+++ Data excerpts +++

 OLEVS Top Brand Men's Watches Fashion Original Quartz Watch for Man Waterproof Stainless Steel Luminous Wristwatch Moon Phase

+++
+++ Data excerpts +++

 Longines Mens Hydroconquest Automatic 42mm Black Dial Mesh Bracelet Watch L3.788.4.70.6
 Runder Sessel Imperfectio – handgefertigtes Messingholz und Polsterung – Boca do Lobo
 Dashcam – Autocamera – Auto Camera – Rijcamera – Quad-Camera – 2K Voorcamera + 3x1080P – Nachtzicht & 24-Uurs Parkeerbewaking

+++

#### What is needed
Where the data above reaches the line holding "Runder Sessel Imperfectio", begin printing, and stop after the line holding "Dashcam – Autocamera". Each line must be reproduced exactly, with nothing else added.

#### Solution below
 Runder Sessel Imperfectio – handgefertigtes Messingholz und Polsterung – Boca do Lobo
 Dashcam – Autocamera – Auto Camera – Rijcamera – Quad-Camera – 2K Voorcamera + 3x1080P – Nachtzicht & 24-Uurs Parkeerbewaking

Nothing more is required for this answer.